Many Proofs 1: Quadratic Reciprocity

There are some classic theorems with many proofs, e.g. the infinitude of the primes, Quadratic reciprocity, the Pythagorean Theorem, and AM-GM. Today I’ll be giving you two proofs of quadratic reciprocity, which has over 240 proofs, 8 due to Gauss.

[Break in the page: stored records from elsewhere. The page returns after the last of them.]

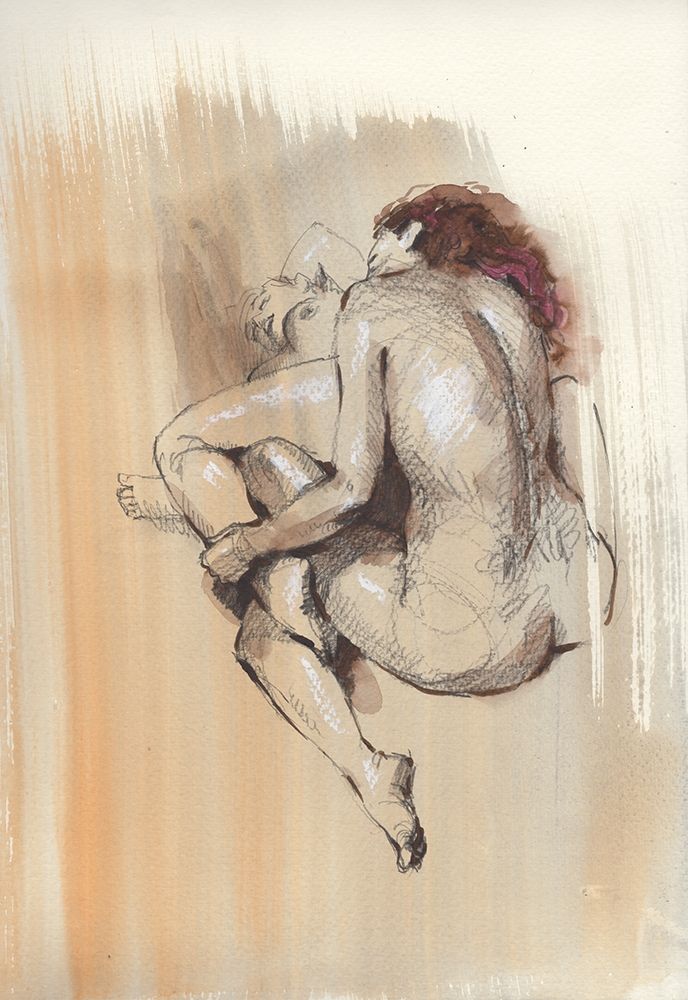 Nude couple of girls art print by Samira Yanushkova for $57.95 CAD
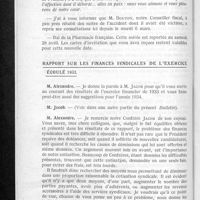 0198 - Page 186 - Conseil d'administration. Compte-rendu de la séance du mercredi 14 mars 1934. Rapport sur les finances syndicales de l'exercice écoulé 1933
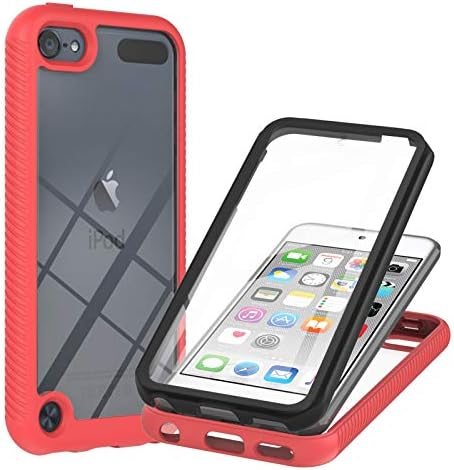 Folice Compatible with for iPod Touch 5/6/7 Case, Folice Clear Full Body Coverage Rugged Case Protection with Transparent Built-in Screen Protector Case Cover for Apple iPod Touch 5/6/7 (Red)
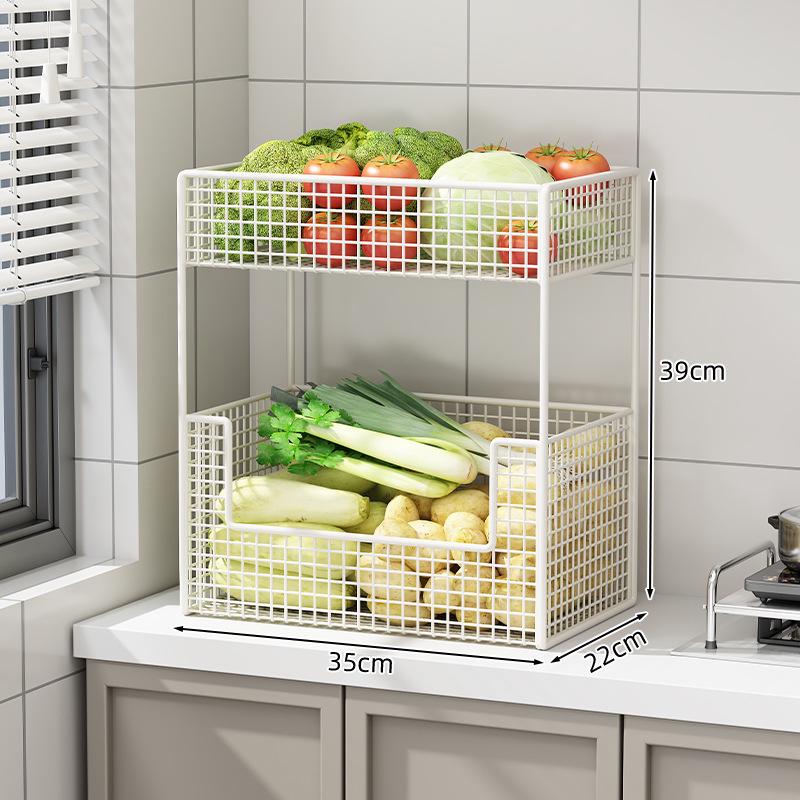 Multi-functional Kitchen Storage Rack: Multi-layer Basket for Fruits, Vegetables, Onions, Ginger, and Garlic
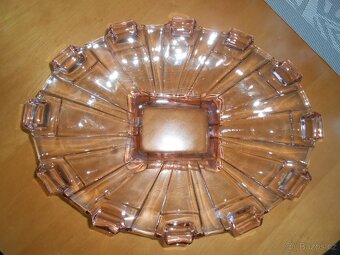 Stará skleněná mísa - růžové sklo 34cmx26cm - bez oťuků - 6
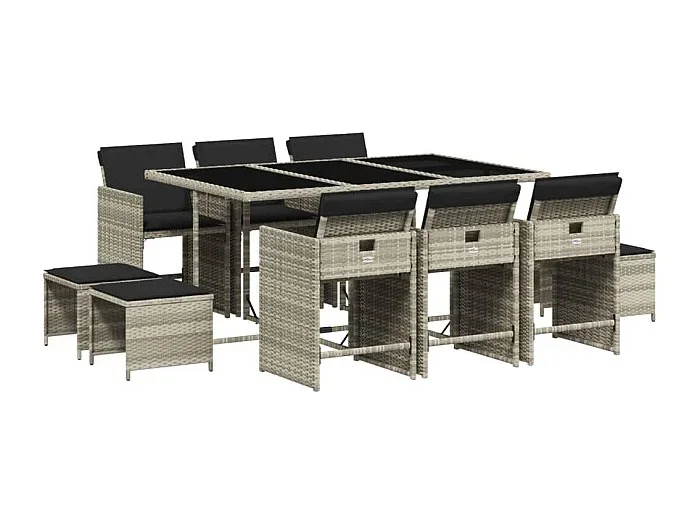 Zenn Set de comedor de jardín 11 pzas y cojines ratán sintético gris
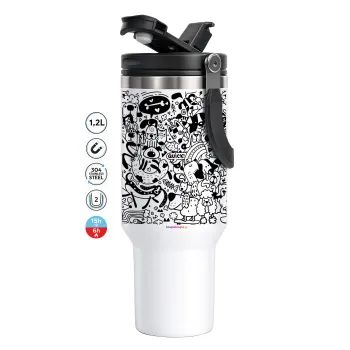 DOG pattern, Mega Stainless steel Tumbler with lid, double wall 1,2L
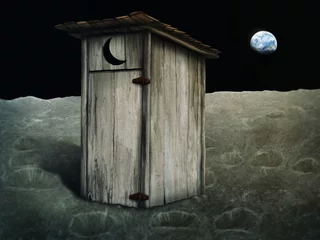 digitale Malerei eines Nebengebäudes auf dem Mond © Aaron Rutten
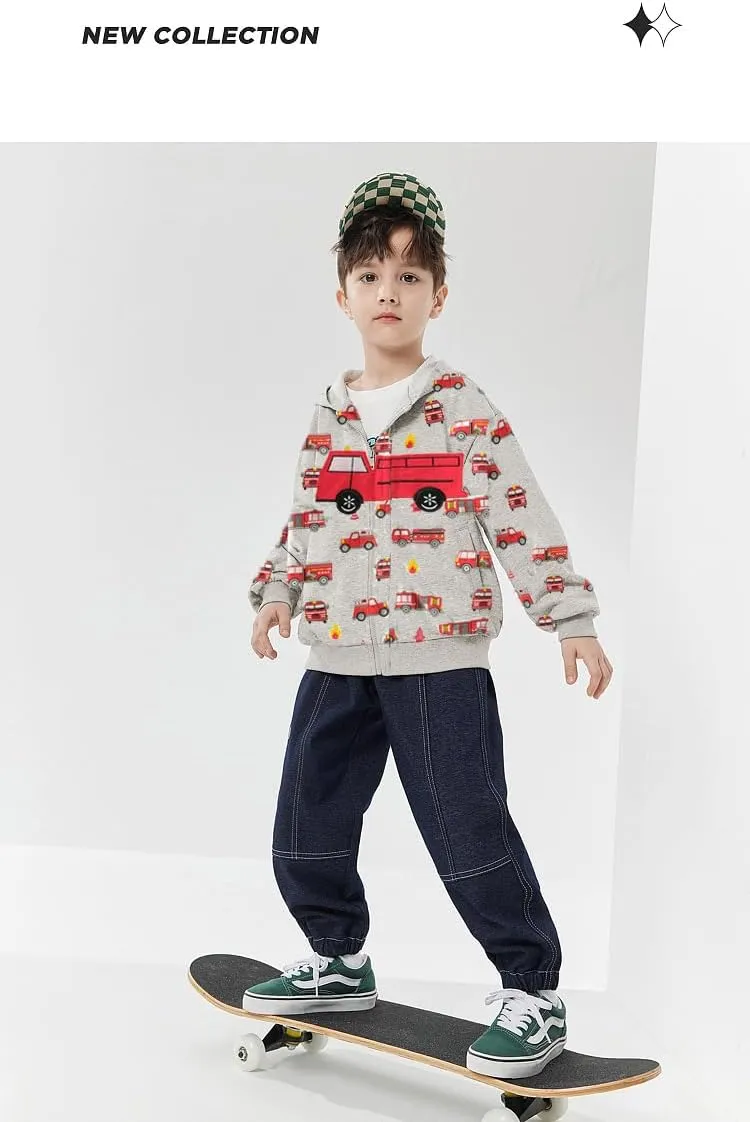 Toddler Boys Hoodies Excavator Sweatshirt Baby Boys Jacket Zipper Hoodie Top Kids Coat Winter Long Sleeve Hooded Shirts 1-7T
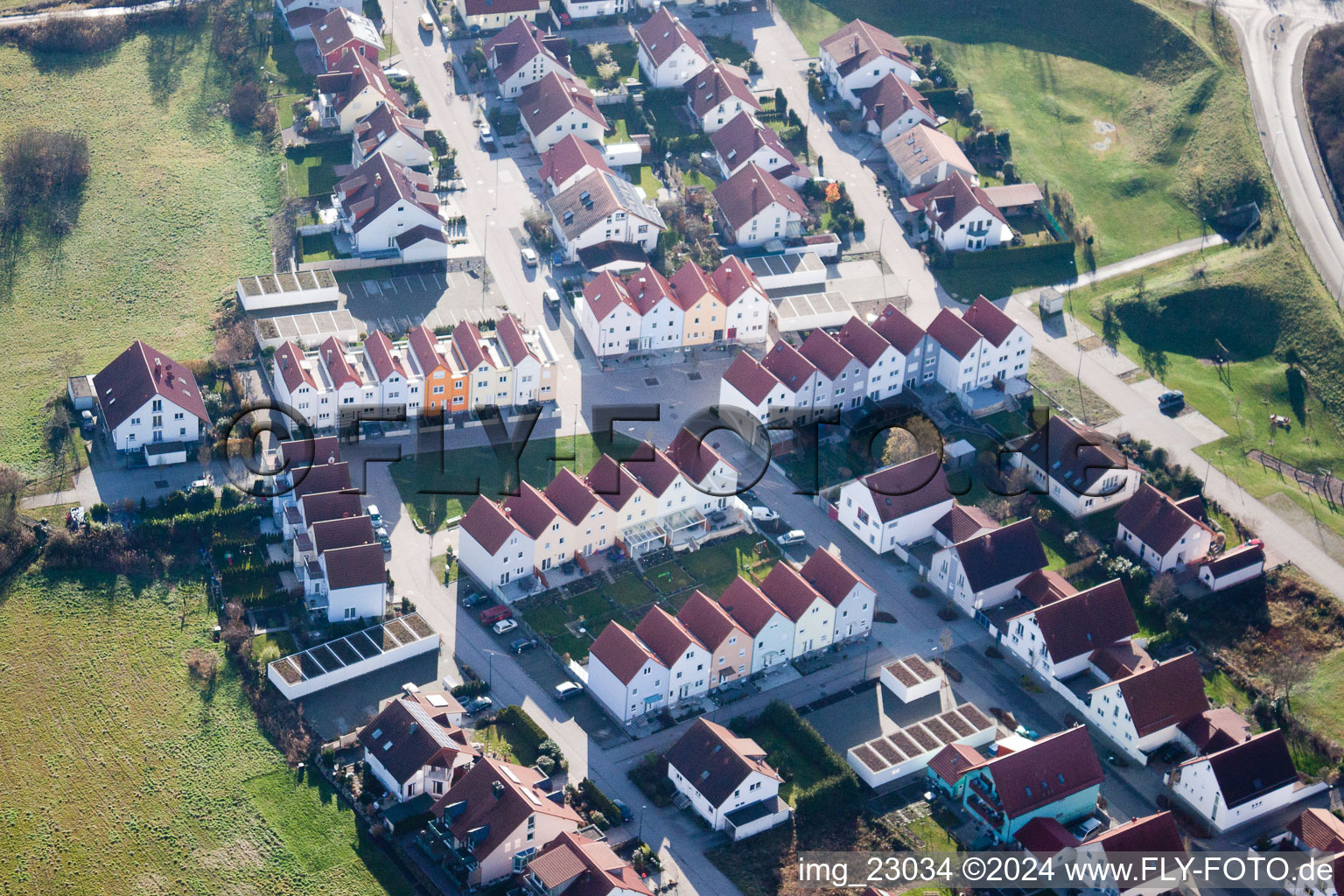 Drone image of Wörth am Rhein in the state Rhineland-Palatinate, Germany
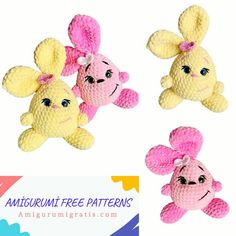 three stuffed animals with different designs on them and one has a pink bow around its neck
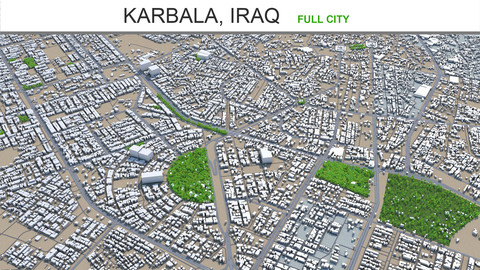 Karbala city Iraq 3d model 40km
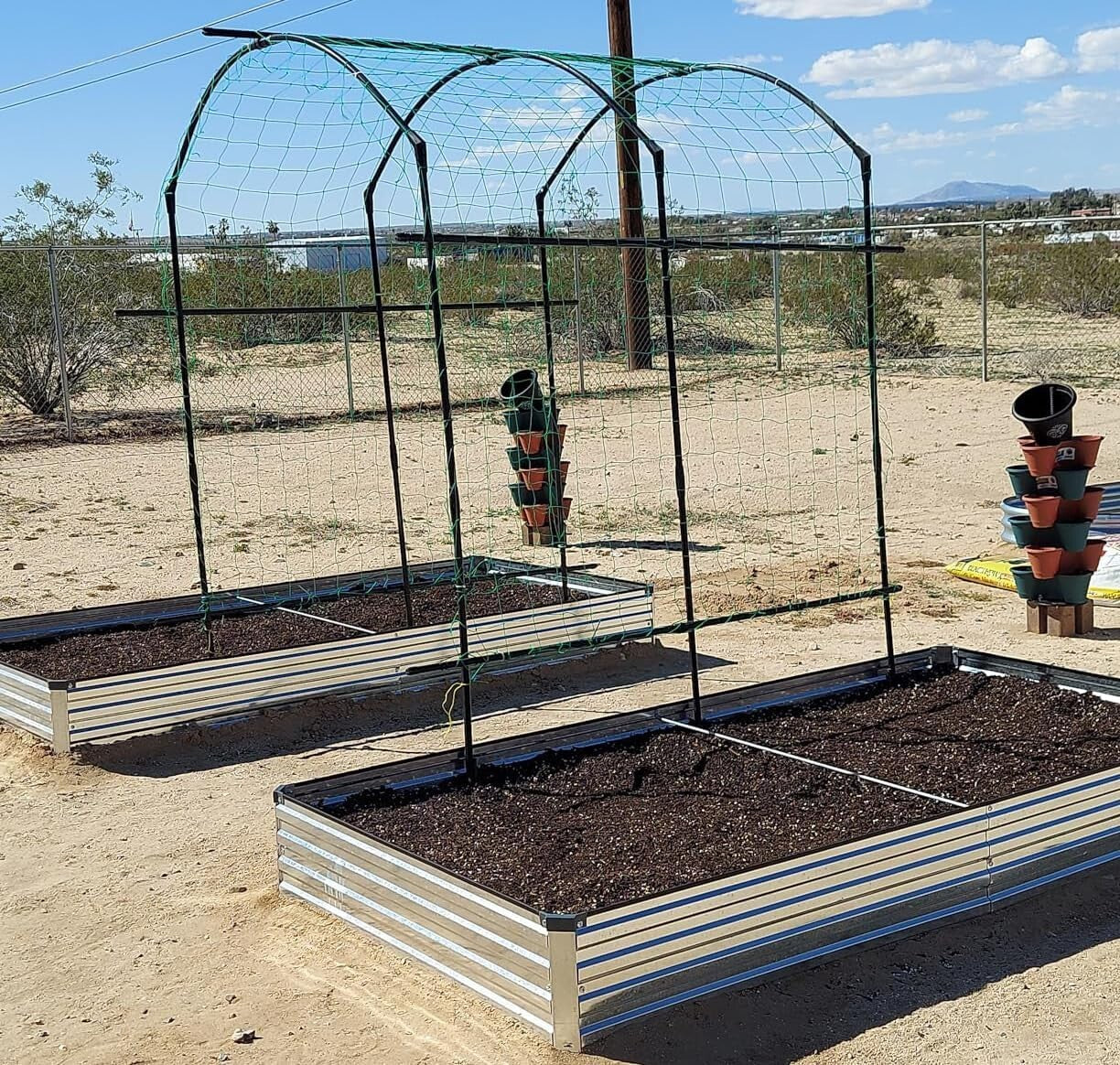 2-Pack 8x4x1ft Galvanized Metal Raised Garden Beds with Easy Assembly & Drainage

First, some motivation. The simplest type of equation that isn’t trivial to solve is a quadratic, of the form $$ ax^2+bx+c = 0$$ for some constants a,b,c. Luckily, over any field, we can reduce this to $$(x – m)^2 + n = 0$$ for some other constants m and n. Over the real or complex numbers, we know when this equation has solutions and what they are. In the integers mod a prime p, when do we have solutions? Conversely, given a prime p, for what primes q does $$x^2 \equiv p \pmod q$$ have a solution?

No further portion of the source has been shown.